“I Was Born In Somaliland… As Hussein Abdi Kahin” Olympian Mo Farah Reveals Horrors Of Being Stolen From Family, Trafficked Into UK
A tragic backstory that leads to an amazing life cannot be overlooked, and in long-distance runner Mo Farah’s case, his backstory is as sad as they come.
Fortunately, he was able to persevere through sorrow and adversity, as he revealed that as a kid, he was taken from his family and trafficked into the U.K. before becoming a world-class Olympian and runner.
Mohamed Farah, who says he was born Hussein Abdi Kahin, is a British long-distance runner from Somaliland who has dominated his sport for years, but before the fame and glory, Farah was a kidnapped young boy who was trafficked into the U.K. and forced into servitude as a kid. He revealed this in a documentary by BBC about him set to air on Wednesday.
Through this documentary I have been able to address and learn more about what happened in my childhood and how I came to the UK. I'm really proud of it and hope you will tune into @BBC at 9pm on Weds to watch. pic.twitter.com/rqZe41gFm8
— Sir Mo Farah (@Mo_Farah) July 11, 2022
“Most people know me as Mo Farah,” he told BBC. “But that’s not my name or it’s not the reality. The real story is I was born in Somaliland, north of Somalia, as Hussein Abdi Kahin.”
Farah told BBC that as a kid, he was taken from the East African nation of Djibouti. Around the age of 8 or 9, Farah was taken by a woman he didn’t know to Britain using fake documents and changing his name from Hussein Abdi Kahin to Mohammed Farah.
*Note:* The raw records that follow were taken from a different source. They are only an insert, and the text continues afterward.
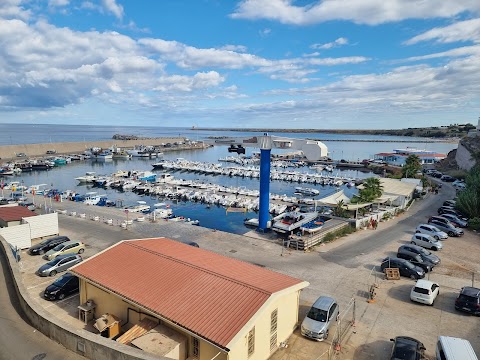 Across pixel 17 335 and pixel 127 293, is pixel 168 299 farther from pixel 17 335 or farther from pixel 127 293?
pixel 17 335

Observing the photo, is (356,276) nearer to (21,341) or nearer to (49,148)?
(21,341)

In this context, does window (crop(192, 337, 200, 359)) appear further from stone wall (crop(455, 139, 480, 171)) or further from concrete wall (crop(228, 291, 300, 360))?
stone wall (crop(455, 139, 480, 171))

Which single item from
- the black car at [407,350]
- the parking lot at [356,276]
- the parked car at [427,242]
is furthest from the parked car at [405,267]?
the black car at [407,350]

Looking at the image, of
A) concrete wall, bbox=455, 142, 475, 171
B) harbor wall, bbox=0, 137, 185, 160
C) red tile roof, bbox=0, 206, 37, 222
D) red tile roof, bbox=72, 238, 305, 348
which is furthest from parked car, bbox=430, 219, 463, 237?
harbor wall, bbox=0, 137, 185, 160

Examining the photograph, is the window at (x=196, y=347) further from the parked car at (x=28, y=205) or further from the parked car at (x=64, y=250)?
the parked car at (x=28, y=205)

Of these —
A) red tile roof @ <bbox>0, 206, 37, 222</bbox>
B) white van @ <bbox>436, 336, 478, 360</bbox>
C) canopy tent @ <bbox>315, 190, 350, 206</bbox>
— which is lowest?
white van @ <bbox>436, 336, 478, 360</bbox>

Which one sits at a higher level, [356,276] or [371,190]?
[371,190]

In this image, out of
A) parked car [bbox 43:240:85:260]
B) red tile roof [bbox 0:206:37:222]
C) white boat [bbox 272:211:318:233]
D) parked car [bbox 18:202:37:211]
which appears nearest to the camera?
parked car [bbox 43:240:85:260]

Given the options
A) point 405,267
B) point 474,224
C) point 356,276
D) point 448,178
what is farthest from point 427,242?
point 448,178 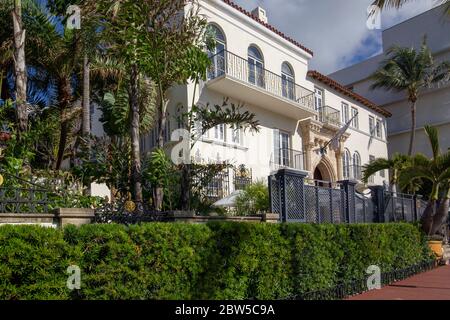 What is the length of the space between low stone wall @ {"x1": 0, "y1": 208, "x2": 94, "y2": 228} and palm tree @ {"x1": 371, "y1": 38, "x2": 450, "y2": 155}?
2712cm

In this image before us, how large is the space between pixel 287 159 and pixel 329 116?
14.8ft

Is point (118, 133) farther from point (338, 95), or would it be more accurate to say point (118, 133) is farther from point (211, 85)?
point (338, 95)

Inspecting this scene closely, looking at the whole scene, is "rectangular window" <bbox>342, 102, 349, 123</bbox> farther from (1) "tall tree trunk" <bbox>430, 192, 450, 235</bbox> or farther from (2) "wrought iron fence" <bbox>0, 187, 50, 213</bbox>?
(2) "wrought iron fence" <bbox>0, 187, 50, 213</bbox>

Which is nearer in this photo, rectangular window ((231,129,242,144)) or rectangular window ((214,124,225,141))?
rectangular window ((214,124,225,141))

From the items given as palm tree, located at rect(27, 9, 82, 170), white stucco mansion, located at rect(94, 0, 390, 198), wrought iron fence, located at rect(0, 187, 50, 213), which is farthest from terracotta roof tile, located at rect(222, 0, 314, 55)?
wrought iron fence, located at rect(0, 187, 50, 213)

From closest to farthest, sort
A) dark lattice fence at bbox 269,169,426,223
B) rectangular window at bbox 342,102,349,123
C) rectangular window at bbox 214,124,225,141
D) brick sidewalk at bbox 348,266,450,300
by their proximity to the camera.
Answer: brick sidewalk at bbox 348,266,450,300 < dark lattice fence at bbox 269,169,426,223 < rectangular window at bbox 214,124,225,141 < rectangular window at bbox 342,102,349,123

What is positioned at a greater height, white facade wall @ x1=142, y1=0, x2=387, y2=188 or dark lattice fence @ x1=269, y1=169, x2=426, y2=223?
white facade wall @ x1=142, y1=0, x2=387, y2=188

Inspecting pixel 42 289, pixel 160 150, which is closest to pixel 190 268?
pixel 42 289

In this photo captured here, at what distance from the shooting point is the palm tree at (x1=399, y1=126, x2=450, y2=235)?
49.9 ft

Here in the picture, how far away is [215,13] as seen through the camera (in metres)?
16.7

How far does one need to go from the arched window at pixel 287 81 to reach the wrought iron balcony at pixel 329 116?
288 centimetres

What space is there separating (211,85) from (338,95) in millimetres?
11082

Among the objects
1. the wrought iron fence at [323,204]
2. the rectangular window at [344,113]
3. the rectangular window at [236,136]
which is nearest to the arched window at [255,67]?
the rectangular window at [236,136]

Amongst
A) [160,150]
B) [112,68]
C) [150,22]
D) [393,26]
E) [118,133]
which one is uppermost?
[393,26] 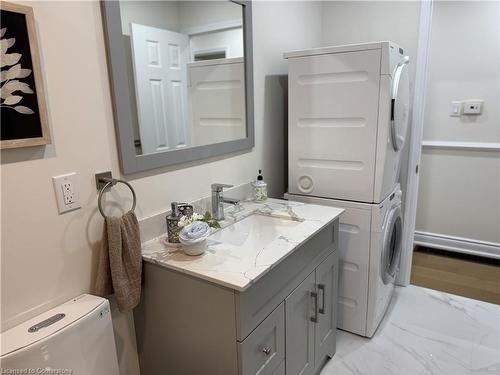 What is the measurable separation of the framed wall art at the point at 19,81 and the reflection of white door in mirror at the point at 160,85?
1.25ft

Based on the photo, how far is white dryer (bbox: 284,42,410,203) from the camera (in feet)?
5.98

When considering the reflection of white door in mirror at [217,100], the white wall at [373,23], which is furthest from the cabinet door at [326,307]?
the white wall at [373,23]

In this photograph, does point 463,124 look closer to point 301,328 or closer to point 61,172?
point 301,328

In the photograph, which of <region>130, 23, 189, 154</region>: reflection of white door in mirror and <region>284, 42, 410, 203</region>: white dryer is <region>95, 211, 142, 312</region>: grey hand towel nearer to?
<region>130, 23, 189, 154</region>: reflection of white door in mirror

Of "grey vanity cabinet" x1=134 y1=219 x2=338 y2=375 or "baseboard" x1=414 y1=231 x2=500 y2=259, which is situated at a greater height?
"grey vanity cabinet" x1=134 y1=219 x2=338 y2=375

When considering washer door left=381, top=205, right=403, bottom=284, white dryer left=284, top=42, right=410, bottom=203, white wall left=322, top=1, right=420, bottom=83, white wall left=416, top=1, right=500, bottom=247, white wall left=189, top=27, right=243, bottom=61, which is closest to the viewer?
white wall left=189, top=27, right=243, bottom=61

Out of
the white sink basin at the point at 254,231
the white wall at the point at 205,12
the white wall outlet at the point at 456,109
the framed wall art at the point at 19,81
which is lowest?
the white sink basin at the point at 254,231

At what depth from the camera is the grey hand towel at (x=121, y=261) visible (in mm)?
1233

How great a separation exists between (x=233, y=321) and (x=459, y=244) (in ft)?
9.39

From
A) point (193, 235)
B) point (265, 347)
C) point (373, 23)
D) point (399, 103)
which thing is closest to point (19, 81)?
point (193, 235)

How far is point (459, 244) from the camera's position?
10.6ft

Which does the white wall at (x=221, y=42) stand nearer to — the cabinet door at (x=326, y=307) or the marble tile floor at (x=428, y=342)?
the cabinet door at (x=326, y=307)

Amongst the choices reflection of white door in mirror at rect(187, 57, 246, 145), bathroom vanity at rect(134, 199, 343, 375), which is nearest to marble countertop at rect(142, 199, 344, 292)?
bathroom vanity at rect(134, 199, 343, 375)

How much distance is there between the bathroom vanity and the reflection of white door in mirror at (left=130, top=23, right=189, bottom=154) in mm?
440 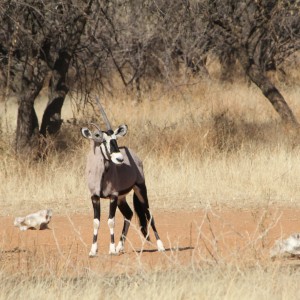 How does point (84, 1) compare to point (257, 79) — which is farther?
point (257, 79)

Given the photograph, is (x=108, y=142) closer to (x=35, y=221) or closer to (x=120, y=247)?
(x=120, y=247)

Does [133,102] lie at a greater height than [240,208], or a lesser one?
greater

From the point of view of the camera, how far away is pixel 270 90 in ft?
53.2

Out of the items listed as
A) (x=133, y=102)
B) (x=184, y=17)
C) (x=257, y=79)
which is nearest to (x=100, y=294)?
(x=184, y=17)

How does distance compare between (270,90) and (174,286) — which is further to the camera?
(270,90)

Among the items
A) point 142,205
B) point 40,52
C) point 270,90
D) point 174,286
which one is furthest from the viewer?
point 270,90

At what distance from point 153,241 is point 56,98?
6.04m

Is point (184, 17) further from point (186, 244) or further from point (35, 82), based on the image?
point (186, 244)

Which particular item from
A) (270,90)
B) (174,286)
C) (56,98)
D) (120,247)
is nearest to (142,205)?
(120,247)

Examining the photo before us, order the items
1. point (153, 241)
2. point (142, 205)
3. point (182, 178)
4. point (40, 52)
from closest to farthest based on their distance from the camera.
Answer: point (142, 205) < point (153, 241) < point (182, 178) < point (40, 52)

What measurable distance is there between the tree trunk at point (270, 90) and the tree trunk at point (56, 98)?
10.8 ft

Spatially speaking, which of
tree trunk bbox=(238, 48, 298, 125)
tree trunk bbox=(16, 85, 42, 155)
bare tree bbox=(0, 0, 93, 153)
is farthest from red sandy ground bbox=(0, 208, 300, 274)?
tree trunk bbox=(238, 48, 298, 125)

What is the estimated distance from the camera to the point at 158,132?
49.9 feet

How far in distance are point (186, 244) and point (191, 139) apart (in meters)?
5.87
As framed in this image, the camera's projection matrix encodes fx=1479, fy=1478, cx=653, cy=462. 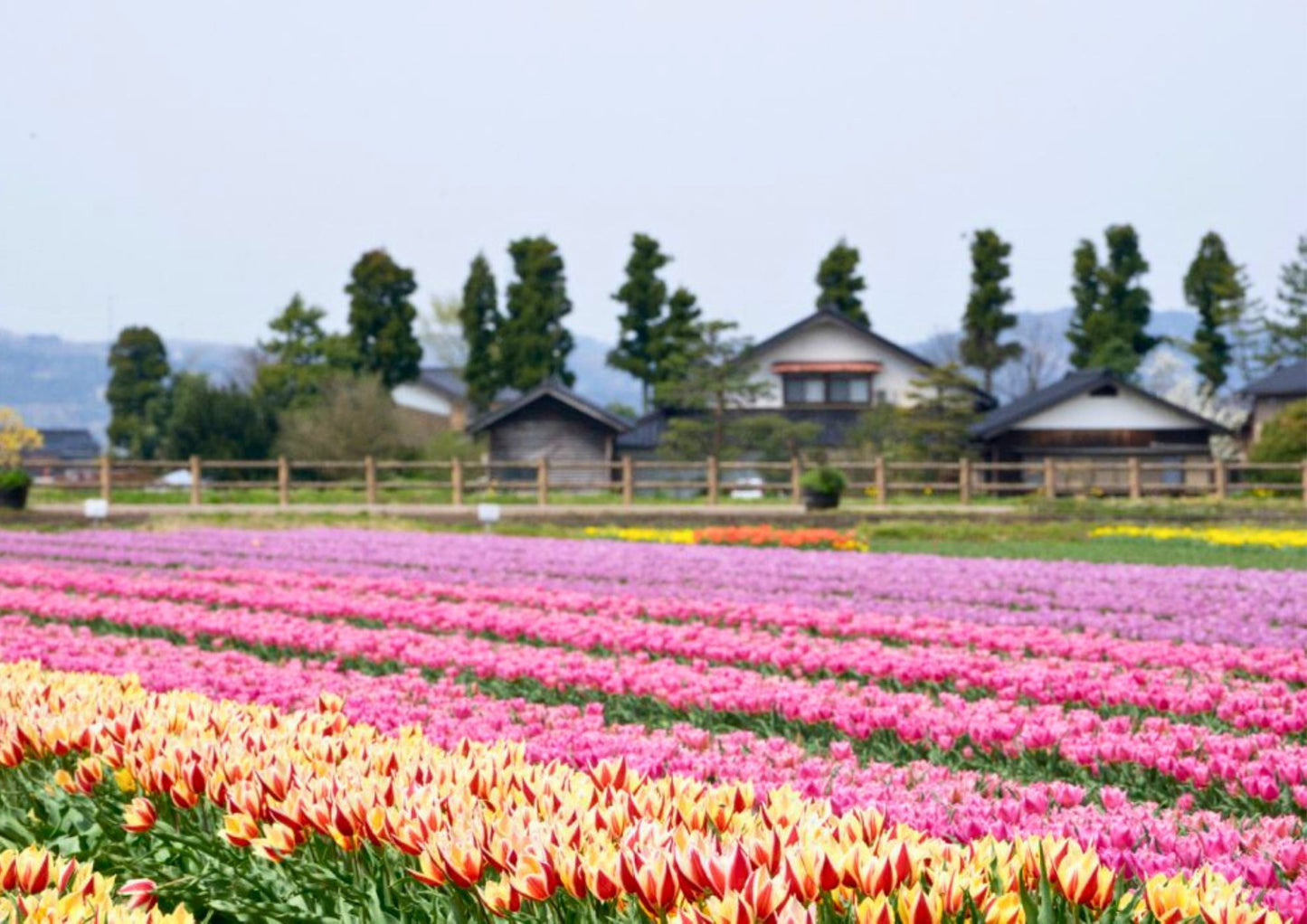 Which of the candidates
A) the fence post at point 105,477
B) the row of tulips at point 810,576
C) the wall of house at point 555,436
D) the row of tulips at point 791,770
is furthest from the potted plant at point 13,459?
the row of tulips at point 791,770

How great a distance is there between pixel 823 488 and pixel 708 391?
1533 cm

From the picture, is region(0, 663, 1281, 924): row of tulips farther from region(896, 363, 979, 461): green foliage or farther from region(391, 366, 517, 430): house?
region(391, 366, 517, 430): house

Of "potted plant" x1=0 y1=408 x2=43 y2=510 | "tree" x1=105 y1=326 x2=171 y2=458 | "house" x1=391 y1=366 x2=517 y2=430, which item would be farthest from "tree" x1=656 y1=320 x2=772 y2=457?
"tree" x1=105 y1=326 x2=171 y2=458

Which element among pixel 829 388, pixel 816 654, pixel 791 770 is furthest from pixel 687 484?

From there he was brought to an apartment in London, where the woman forced him to care for her other children, while also denying him from going to school until he was 12 years old.
“I wasn’t treated as part of the family,” Farah says in the documentary. “If I wanted food in my mouth, my job was to look after those kids — shower them, cook for them, clean for them.”
While under the watchful eye of this woman forcing him into servitude, she also threatened Farah that he would never see his family again if he didn’t listen. While he originally said he and his family migrated to Britain from Somaliland, that was never the case.
His parents were never in the UK, and in the case of his father, he was killed when Farah was only 4 by gunfire due to civil unrest in Somalia. His mother and two brothers live on their farm in Somaliland, which is not internationally recognized.
Farah would eventually be able to attend school at age 12, which is where he’d find his big break.
He was an exceptional runner, and his physical education teacher took notice, and this is when Farah told his story to that teacher, who then told local officials about the situation and they eventually found a Somali family to take him in as a foster child.
After finding a new family that would take him in as their own, he said that he immediately felt relieved, regardless of the fact that he still wasn’t with his original family.
“I still missed my real family, but from that moment everything got better,” Farah said. “I felt like a lot of stuff was lifted off my shoulders, and I felt like me.”
The British runner never spoke about this before because he feared deportation. But after gaining the courage and understanding that human trafficking is a worldwide plague that is ruining lives and families, he decided to speak out and tell his story.
“I had no idea there was so many people who are going through exactly the same thing that I did,” he said. “It just shows how lucky I was.”
Farah would eventually gain U.K. citizenship in 2000 and go on to represent Britain in 2008, 2012, and 2016 Olympics. He would win four Olympic gold medals — capturing both the 5,000 and 10,000 meters in 2012 and in 2016 — and six world titles en route to a flawless résumé. To cap off an amazing run, he was knighted by Queen Elizabeth II in 2017.
While Farah went on to lead an amazing life and have a legendary career, it is still disturbing to think that only his athletic gifts helped him escape servitude. But as fate would have it, Farah was able to persevere through those troubling times to become not only an inspirational athlete but a beacon of hope and an advocate against human trafficking worldwide.